“I have seen something like this before,” he said. “Everywhere it is death to move a landmark. In some places not posts but stones are used. The dark people across the river say that he who moves his neighbor’s landmark is hated by the gods and his house shall disappear. His land shall not produce fruits, his sons and grandsons shall die without a roof above their heads, and in the end there shall be none left of his [pg 73]blood. Hail, rust and the dog-star shall destroy his harvests, and his limbs shall become sore and waste away.”

Pero stared in astonishment. “Where did you hear all that?” he asked.

“When I was younger I ran away and crossed the river,” said the Cub calmly. “They are strange people over there, not like your people. They go down to the sea in boats. I went in a boat also, but I did not like it. There was a fat trader on the boat, and when we were outside the long white waves along the shore, and the wind came up and rocked our boat, his face turned the color of sick grass. Perhaps my face did also; I do not know. We were both very sick. After that I came back to tend sheep again, for I do not like that place.

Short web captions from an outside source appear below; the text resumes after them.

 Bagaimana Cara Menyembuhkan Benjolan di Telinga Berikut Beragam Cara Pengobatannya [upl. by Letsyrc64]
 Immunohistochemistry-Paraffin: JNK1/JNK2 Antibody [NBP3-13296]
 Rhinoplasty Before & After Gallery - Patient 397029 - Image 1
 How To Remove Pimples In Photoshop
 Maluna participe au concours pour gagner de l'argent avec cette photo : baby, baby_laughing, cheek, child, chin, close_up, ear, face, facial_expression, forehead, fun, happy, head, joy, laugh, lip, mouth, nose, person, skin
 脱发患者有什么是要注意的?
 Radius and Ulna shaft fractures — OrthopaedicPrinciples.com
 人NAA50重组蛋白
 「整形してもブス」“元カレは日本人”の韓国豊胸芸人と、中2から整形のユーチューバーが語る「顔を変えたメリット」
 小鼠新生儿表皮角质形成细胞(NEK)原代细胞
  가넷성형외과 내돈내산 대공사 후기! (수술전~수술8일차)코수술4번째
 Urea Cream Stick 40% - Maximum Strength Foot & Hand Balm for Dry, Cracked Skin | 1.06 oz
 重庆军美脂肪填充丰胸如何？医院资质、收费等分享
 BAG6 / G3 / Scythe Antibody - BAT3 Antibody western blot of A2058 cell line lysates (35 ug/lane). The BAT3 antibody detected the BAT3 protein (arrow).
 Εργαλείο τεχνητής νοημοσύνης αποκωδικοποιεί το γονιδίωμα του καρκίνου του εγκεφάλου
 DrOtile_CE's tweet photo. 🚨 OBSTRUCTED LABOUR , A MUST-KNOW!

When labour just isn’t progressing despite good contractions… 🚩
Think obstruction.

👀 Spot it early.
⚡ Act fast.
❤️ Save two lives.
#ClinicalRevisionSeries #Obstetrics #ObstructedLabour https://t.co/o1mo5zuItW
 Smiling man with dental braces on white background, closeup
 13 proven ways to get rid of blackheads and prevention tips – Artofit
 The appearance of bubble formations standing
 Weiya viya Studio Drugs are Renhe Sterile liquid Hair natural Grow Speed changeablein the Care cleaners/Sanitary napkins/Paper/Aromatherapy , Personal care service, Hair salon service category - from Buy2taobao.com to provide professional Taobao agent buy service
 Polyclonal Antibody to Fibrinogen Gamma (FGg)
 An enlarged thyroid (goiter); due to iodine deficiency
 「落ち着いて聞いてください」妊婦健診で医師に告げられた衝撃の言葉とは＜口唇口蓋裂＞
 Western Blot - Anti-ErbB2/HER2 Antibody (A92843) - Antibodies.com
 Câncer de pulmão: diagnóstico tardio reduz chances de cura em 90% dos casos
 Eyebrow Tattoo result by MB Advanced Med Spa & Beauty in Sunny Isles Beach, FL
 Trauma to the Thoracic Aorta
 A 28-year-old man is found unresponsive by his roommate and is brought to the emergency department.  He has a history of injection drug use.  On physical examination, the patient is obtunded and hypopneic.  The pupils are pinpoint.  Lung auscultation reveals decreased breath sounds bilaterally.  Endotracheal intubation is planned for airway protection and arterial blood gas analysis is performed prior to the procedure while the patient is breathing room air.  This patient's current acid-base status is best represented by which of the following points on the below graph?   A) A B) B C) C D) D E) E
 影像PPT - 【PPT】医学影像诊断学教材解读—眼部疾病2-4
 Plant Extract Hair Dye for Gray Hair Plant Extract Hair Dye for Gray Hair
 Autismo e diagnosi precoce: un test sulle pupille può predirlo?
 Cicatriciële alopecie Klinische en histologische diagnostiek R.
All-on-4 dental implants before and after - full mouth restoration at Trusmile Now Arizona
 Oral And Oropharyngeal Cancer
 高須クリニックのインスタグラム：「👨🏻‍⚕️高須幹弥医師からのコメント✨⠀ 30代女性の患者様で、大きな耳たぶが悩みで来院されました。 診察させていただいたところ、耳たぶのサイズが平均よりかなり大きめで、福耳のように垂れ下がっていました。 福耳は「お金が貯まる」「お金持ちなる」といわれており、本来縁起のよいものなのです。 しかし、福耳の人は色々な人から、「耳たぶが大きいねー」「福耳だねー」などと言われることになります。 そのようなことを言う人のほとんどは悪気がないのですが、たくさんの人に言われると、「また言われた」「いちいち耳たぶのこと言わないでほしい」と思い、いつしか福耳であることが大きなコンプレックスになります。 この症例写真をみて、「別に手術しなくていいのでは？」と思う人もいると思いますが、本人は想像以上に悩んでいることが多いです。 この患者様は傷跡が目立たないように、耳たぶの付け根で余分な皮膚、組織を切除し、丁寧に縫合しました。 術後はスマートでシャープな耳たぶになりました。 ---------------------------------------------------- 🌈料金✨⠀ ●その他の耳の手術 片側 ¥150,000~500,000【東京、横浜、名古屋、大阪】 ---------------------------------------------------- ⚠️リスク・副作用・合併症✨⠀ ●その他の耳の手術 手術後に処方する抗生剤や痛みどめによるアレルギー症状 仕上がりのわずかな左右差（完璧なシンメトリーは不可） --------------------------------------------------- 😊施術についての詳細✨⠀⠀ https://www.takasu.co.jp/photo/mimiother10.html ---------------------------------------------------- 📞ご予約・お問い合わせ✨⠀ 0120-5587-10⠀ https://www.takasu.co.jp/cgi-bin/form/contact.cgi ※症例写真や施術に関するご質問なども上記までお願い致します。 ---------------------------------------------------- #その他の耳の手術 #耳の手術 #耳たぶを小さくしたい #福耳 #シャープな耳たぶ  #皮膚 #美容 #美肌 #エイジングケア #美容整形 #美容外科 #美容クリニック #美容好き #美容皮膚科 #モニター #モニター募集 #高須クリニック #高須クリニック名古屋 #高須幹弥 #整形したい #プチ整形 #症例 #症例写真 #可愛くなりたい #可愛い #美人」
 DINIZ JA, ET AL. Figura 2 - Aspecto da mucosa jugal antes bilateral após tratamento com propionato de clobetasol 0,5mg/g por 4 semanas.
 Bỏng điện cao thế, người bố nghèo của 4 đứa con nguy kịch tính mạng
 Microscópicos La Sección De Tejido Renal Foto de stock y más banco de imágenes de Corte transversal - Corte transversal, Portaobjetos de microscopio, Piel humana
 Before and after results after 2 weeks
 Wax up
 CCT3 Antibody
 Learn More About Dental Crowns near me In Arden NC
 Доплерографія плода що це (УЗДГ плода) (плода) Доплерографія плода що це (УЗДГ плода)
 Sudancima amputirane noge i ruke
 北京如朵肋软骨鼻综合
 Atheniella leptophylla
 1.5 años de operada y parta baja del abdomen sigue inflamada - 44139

“They have a god called Turms there who is the god of traders, and of thieves, and of fortune tellers. They pray to him for good luck, for they believe very much in luck. He is sometimes seen in the shape of a beggar man with a dog and a staff that has snakes twisted about it, and a cap with a feather in it.”

The Cub stood up laughing and slipped away down under the rocks with his wolf; it almost seemed as if he had flown. As Pero stared after him, he remembered that the lad had an eagle [pg 74]feather in his pointed cap, and his staff had a twisted vine around it. But the next time they met the boy was so clearly only a boy in a sheepskin tunic that Pero called himself an old fool too ready to take fancies.

The Cub had spent time enough on the other side of the river to know something about the people, and he had interesting things to tell. They enjoyed bargaining and spent much time buying and selling. They could make fine gold work, bright-colored cloth, and brown vases with black pictures painted on them. Their walls were often painted with pictures. When a trader from that country, named Toto, came to the village, Pero remembered some of the things he had been told. The people bought some of his trinkets, but by what they said of them when the brightness was worn off and the color faded, he was not a very honest merchant. Pero remembered then that this people had the same god for trading and for stealing.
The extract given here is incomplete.